-- TASK OBJECTIVE --
In the listing beneath this line, copy exactly the lines starting with the one containing "CUPRA Leon/Prestazioni Sportive CUPRA LEON" and going on through the one containing "OKI - 43381721".

-------------------------

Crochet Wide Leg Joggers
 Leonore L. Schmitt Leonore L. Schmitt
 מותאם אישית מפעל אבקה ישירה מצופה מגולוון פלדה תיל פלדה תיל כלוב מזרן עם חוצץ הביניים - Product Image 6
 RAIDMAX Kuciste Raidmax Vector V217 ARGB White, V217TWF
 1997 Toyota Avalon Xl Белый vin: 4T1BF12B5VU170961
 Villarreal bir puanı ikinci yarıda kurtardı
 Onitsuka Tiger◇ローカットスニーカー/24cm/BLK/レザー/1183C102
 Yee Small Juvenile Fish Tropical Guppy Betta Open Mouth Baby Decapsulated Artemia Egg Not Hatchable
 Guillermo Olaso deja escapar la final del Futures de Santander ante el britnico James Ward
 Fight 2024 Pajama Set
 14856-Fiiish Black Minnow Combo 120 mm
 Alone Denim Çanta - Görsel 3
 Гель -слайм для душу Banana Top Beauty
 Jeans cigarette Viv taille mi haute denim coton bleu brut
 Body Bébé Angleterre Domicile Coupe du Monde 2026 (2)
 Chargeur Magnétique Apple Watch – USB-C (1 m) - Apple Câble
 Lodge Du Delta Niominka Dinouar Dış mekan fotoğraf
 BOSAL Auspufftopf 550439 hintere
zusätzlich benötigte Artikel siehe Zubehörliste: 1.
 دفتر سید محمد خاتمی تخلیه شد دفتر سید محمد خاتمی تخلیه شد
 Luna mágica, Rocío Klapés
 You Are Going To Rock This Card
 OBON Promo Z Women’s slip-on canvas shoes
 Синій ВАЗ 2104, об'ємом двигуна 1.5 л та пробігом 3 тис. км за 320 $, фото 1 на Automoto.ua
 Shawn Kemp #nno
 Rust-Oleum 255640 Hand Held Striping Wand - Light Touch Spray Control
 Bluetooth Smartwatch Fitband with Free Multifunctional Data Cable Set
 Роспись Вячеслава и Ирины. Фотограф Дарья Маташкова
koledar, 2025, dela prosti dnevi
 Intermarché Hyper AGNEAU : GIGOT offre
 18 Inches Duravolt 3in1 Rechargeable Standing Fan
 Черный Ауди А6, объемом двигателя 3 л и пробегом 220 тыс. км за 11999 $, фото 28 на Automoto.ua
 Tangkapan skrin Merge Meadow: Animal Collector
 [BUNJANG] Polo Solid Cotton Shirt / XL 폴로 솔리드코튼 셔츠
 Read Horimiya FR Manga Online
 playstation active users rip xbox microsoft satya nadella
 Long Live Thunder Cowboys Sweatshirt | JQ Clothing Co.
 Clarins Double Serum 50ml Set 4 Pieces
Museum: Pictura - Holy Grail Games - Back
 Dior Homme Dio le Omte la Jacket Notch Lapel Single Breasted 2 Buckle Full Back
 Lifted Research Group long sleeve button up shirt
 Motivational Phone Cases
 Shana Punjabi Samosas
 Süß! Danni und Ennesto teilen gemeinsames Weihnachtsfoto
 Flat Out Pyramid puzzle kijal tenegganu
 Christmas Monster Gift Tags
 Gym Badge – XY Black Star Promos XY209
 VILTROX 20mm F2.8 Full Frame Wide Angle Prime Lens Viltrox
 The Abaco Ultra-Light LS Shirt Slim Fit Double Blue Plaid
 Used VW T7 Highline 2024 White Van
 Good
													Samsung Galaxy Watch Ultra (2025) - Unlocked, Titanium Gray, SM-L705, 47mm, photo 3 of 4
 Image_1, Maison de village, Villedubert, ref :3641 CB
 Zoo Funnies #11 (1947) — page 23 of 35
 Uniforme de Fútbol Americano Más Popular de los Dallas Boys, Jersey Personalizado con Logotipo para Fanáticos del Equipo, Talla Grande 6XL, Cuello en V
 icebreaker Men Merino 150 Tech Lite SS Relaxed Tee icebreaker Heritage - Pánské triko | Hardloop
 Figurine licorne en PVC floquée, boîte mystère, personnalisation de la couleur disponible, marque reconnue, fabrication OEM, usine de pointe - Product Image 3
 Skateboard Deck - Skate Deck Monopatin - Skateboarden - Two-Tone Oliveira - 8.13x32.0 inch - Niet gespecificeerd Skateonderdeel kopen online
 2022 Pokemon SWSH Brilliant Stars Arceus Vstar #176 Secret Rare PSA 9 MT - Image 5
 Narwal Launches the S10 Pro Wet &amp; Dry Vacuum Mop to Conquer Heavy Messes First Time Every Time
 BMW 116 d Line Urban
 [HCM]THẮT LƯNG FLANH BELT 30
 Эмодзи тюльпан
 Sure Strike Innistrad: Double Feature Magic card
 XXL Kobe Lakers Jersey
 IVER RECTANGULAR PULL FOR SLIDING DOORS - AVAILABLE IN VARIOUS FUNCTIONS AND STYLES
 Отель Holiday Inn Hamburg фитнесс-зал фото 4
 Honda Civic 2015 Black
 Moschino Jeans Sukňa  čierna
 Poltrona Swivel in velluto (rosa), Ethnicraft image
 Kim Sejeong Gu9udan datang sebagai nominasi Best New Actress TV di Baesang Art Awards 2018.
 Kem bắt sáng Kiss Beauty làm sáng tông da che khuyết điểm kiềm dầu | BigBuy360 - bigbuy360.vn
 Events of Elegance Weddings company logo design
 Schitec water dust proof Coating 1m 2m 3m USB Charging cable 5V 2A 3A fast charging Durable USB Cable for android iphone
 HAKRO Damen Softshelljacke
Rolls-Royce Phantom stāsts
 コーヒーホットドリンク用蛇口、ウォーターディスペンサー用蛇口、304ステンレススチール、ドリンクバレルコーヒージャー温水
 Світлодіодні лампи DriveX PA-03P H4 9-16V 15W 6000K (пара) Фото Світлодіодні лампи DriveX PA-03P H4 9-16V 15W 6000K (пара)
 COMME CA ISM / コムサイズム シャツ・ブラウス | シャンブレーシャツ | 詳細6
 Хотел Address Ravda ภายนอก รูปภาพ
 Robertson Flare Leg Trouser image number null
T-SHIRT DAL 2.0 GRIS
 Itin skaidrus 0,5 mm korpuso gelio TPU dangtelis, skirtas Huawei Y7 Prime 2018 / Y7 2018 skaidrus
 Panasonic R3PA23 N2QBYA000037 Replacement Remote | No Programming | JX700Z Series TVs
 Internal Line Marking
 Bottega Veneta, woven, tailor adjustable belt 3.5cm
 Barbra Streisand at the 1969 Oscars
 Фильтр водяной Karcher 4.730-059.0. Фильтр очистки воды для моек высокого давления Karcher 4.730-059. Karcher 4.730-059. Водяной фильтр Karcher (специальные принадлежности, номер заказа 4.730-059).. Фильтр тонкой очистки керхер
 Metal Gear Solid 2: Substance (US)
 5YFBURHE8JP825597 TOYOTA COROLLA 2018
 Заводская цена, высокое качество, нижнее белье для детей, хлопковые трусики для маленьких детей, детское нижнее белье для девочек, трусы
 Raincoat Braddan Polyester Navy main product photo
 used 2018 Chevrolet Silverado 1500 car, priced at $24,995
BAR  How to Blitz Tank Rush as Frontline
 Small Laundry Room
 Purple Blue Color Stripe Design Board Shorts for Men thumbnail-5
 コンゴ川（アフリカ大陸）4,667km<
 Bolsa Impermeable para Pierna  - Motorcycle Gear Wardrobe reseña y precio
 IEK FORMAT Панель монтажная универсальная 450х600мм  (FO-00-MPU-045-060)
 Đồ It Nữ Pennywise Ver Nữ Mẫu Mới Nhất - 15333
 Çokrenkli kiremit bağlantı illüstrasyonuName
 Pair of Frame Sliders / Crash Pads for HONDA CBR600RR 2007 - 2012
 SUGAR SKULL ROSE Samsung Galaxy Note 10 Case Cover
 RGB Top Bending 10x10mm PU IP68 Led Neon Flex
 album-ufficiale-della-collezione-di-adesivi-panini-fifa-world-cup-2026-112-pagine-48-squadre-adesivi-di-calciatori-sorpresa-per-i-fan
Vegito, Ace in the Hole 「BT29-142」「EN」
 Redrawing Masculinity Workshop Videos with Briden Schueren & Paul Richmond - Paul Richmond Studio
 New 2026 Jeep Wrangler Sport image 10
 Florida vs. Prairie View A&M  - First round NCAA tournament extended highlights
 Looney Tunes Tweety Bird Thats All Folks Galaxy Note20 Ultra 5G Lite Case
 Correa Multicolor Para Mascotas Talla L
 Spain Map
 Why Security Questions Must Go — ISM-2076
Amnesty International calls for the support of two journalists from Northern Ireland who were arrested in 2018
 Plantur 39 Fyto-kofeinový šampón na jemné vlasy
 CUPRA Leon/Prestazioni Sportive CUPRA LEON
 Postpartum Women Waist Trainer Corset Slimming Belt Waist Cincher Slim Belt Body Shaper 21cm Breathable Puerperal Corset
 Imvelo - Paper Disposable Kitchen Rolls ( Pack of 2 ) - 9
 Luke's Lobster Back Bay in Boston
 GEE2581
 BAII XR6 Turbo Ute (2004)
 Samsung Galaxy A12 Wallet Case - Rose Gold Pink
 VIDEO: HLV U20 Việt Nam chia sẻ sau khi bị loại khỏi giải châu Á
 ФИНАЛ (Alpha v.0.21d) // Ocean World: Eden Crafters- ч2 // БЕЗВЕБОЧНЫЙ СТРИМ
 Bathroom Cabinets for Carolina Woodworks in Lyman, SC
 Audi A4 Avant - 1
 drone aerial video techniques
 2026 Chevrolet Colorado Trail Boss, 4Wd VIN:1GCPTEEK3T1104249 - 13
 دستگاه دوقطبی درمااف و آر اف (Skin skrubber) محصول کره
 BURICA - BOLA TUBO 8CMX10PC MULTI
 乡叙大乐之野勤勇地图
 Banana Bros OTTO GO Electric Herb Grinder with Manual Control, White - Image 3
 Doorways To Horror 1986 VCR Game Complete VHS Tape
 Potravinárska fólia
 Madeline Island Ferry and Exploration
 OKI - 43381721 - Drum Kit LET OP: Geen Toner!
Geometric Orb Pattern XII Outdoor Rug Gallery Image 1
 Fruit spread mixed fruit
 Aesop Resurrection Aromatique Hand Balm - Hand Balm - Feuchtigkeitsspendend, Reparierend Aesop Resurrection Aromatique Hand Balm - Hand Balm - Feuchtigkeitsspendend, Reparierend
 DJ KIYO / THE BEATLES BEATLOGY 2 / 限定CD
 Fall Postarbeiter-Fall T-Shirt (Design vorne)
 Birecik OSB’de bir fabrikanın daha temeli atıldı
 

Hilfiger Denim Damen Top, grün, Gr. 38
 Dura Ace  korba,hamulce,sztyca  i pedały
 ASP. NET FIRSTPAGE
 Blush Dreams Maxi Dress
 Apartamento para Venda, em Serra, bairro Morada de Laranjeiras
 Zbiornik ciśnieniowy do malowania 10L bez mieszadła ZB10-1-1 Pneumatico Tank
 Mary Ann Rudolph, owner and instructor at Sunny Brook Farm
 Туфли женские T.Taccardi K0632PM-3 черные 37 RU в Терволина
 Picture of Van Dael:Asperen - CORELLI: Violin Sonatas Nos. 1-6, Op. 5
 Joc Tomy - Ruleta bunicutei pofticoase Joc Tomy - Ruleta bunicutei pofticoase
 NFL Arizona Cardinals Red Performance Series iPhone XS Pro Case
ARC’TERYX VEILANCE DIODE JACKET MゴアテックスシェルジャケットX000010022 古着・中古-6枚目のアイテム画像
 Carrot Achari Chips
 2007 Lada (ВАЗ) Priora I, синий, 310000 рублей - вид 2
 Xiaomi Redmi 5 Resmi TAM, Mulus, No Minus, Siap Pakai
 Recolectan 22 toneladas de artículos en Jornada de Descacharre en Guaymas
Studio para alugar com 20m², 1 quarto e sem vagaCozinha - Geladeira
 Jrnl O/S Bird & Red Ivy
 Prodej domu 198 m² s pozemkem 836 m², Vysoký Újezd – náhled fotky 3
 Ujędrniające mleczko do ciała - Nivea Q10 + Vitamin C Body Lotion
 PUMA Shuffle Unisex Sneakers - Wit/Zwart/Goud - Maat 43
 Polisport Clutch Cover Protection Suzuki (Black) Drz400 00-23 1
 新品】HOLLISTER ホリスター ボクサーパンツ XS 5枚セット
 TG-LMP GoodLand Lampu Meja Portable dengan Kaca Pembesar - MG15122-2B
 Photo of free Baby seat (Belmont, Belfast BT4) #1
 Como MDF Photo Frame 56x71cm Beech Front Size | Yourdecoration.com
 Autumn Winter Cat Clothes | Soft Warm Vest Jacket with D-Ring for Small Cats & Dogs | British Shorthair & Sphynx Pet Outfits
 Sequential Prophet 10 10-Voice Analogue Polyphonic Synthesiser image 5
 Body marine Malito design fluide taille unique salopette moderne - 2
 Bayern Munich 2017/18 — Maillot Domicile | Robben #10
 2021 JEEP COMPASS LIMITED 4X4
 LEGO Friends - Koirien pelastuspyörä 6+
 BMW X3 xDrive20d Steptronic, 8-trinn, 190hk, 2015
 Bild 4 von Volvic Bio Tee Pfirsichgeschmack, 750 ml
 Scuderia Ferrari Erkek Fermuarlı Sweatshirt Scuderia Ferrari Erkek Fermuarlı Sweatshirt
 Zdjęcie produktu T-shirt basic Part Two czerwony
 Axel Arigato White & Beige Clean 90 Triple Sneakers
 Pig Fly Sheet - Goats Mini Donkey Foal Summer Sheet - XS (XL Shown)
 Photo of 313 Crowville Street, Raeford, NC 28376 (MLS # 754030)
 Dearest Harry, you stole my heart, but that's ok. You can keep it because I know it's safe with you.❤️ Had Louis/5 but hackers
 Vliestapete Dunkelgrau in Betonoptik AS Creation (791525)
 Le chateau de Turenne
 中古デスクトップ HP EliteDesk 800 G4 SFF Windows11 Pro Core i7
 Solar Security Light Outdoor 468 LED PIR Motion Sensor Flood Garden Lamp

-------------------------

-- TASK RESULT --
 CUPRA Leon/Prestazioni Sportive CUPRA LEON
 Postpartum Women Waist Trainer Corset Slimming Belt Waist Cincher Slim Belt Body Shaper 21cm Breathable Puerperal Corset
 Imvelo - Paper Disposable Kitchen Rolls ( Pack of 2 ) - 9
 Luke's Lobster Back Bay in Boston
 GEE2581
 BAII XR6 Turbo Ute (2004)
 Samsung Galaxy A12 Wallet Case - Rose Gold Pink
 VIDEO: HLV U20 Việt Nam chia sẻ sau khi bị loại khỏi giải châu Á
 ФИНАЛ (Alpha v.0.21d) // Ocean World: Eden Crafters- ч2 // БЕЗВЕБОЧНЫЙ СТРИМ
 Bathroom Cabinets for Carolina Woodworks in Lyman, SC
 Audi A4 Avant - 1
 drone aerial video techniques
 2026 Chevrolet Colorado Trail Boss, 4Wd VIN:1GCPTEEK3T1104249 - 13
 دستگاه دوقطبی درمااف و آر اف (Skin skrubber) محصول کره
 BURICA - BOLA TUBO 8CMX10PC MULTI
 乡叙大乐之野勤勇地图
 Banana Bros OTTO GO Electric Herb Grinder with Manual Control, White - Image 3
 Doorways To Horror 1986 VCR Game Complete VHS Tape
 Potravinárska fólia
 Madeline Island Ferry and Exploration
 OKI - 43381721 - Drum Kit LET OP: Geen Toner!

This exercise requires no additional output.